As part of the celebrations of World Mission Sunday last week in Rome, Pope Francis canonized Blessed John Henry Newman along with that of Sister Mariam Thresia from India, Sister Giuseppina Vannini from Italy, Sister Dulce Lopes Pontes from Brazil, and Marguerite Bays from Switzerland. Here is a little bit about each of them according to a press release from Vatican News.
· Blessed John Henry Newman was one of the most prominent converts to Catholicism from Anglicanism of the 19
th century. He was already an esteemed Anglican theologian when he founded the Oxford Movement to return the Church of England to its Anglican roots, before himself converting to the Catholic faith.

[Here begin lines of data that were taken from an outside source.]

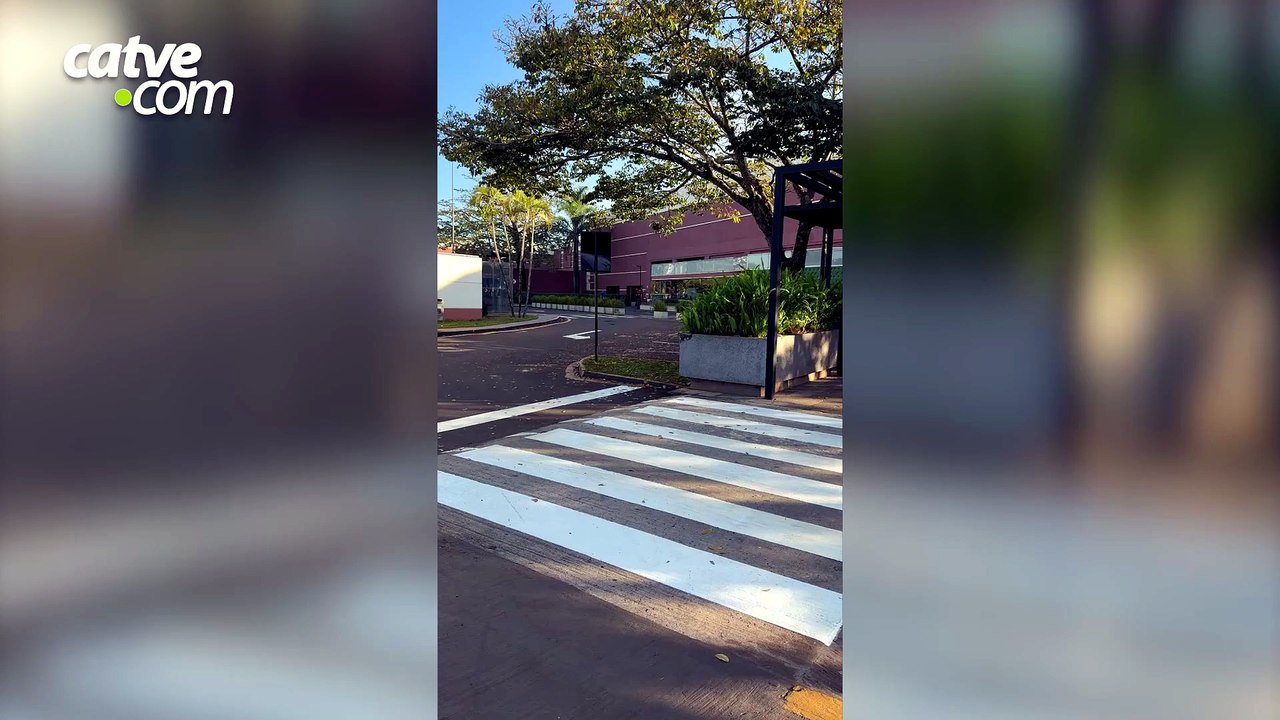 Ladrões se escondem no forro de shopping para furtar lojas, mas um deles acaba preso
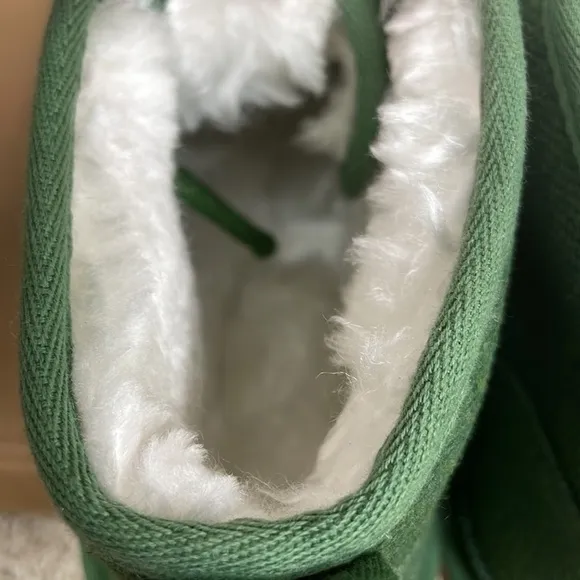 NWOT Men UGG SZ 10 Neumel Chukka Boots Tencel Natural Green Shearling Faux Fur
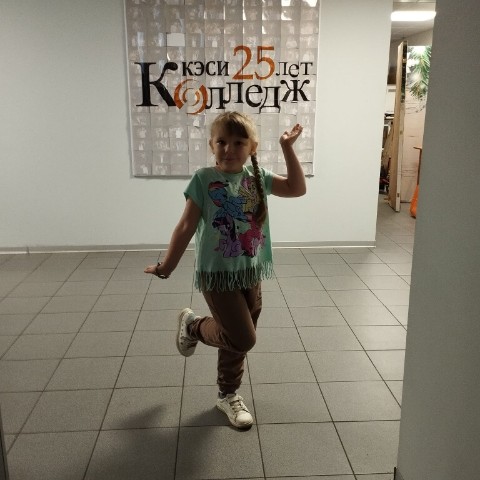 liza__bur в LOOKY. . В четверг Анечка поб...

He was renowned as a brilliant thinker and was made a cardinal by Pope Leo XIII. He died in Birmingham, England in 1890, aged 89, after founding the Birmingham Oratory.

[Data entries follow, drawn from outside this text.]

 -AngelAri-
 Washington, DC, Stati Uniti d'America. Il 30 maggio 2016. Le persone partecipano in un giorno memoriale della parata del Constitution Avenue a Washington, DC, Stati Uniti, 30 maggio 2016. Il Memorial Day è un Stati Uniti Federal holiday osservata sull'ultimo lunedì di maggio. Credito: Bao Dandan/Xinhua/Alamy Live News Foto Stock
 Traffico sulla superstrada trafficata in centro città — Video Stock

· Sister Mariam Thresia was the founder of the Congregation of the Sisters of the Holy Family.
· Sister Giuseppina Vannini was the founder of the Daughters of Saint Camillus.
· Sister Dulce Lopes Pontes was a member of the Congregation of the Missionary Sisters of the Immaculate Conception of the Mother of God.
· Marguerite Bays was a Secular Franciscan.
I plan to write several columns over the coming weeks devoted to our most recently canonized saints. As we think about these newly canonized saints who were heroically dedicated to the mission of evangelization both in word and deed, I leave you with the following thought: May the love for Church’s mission, which is a passion for Jesus and a passion for his people “grow ever stronger?”